When grouped by categories within a column, it allows for **comparisons between different groups**.


### **Why Group Box Plots by Category?**  
Grouping box plots by **categories within a column** helps in:
- **Comparing distributions** across different groups.  
- **Identifying variability** within each category.  
- **Detecting outliers** that may indicate anomalies in specific groups.  
- **Understanding trends** and how different factors influence numerical values.

###  **Example Use Case: Suspensions in the NFL**  
If we plot **suspension length (`games`) grouped by category (`team`)**, we can analyze:  
- Which **team** tend to have **longer suspensions**.  
- How much **variation** exists in suspension lengths for different rule violations.  
- Whether certain categories have **outliers**, indicating extreme cases.  



In [None]:

plt.figure(figsize=(10, 5))
ax = nfl_suspension_df.boxplot(column='games', by='team', figsize=(12, 8))

# Rotate x-axis labels for better readability
plt.xticks(rotation=45, ha='right')  # Rotates labels and aligns them to the right


plt.title("Box Plot of Games Suspended by Team")
plt.suptitle("")  # Removes the default 'Boxplot grouped by category' title
plt.xlabel("Team")
plt.ylabel("Games Suspended")
plt.show()

###  **Interpreting the Plot**  
- A **wide box** suggests a **high variation** in suspension lengths within that category.  
- A **high median line** means players in that category typically receive **longer suspensions**.  
- **Outliers** beyond the whiskers indicate **exceptionally long or short suspensions** compared to the norm.  

By grouping boxplots by team, we can analyze the distribution of `games`suspended across different `teams`, providing insights into how disciplinary actions vary.

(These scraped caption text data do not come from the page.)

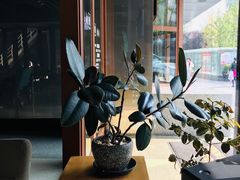-sugarman espresso素饮糖人高新咖啡工厂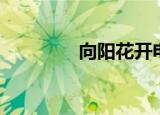 向阳花开电影（向阳花开）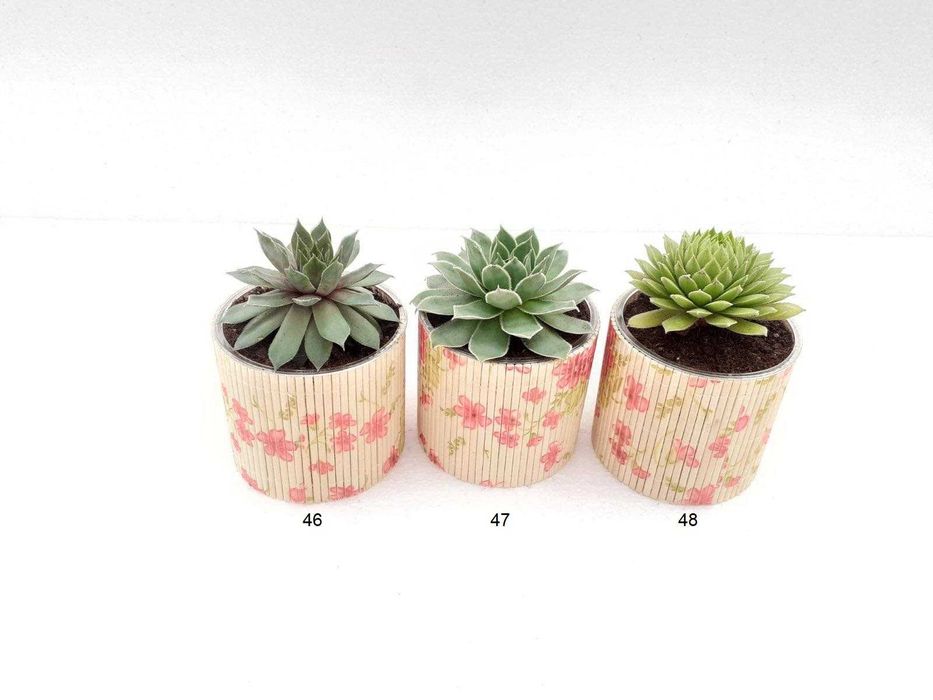 Сукуленти подаръци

This visualization helps identify trends, such as which teams have players with longer or more frequent suspensions, potential outliers, and overall consistency in enforcement.

## 9. Summary and Questions
- **Recap key points**:
  1. **Range**: Simple but sensitive to outliers.
  2. **Variance** and **Standard Deviation**: Crucial for understanding spread.
  3. **Interquartile Range (IQR)**: Measures the middle 50% of data, reducing the impact of outliers.
  3. **Chebyshev’s Theorem**: A general rule for data spread within \(k\) std deviations.
  4. **Box Plots**: Powerful visual for identifying outliers and understanding distribution.
- **Identify outliers**: Both Chebyshev’s theorem (theoretical bound) and box plots (practical visualization) help.
- **Combine numerical summaries and visuals**: Use `.describe()` and **box plots** together.

**Questions?** Feel free to ask for more examples or clarifications on any of these concepts.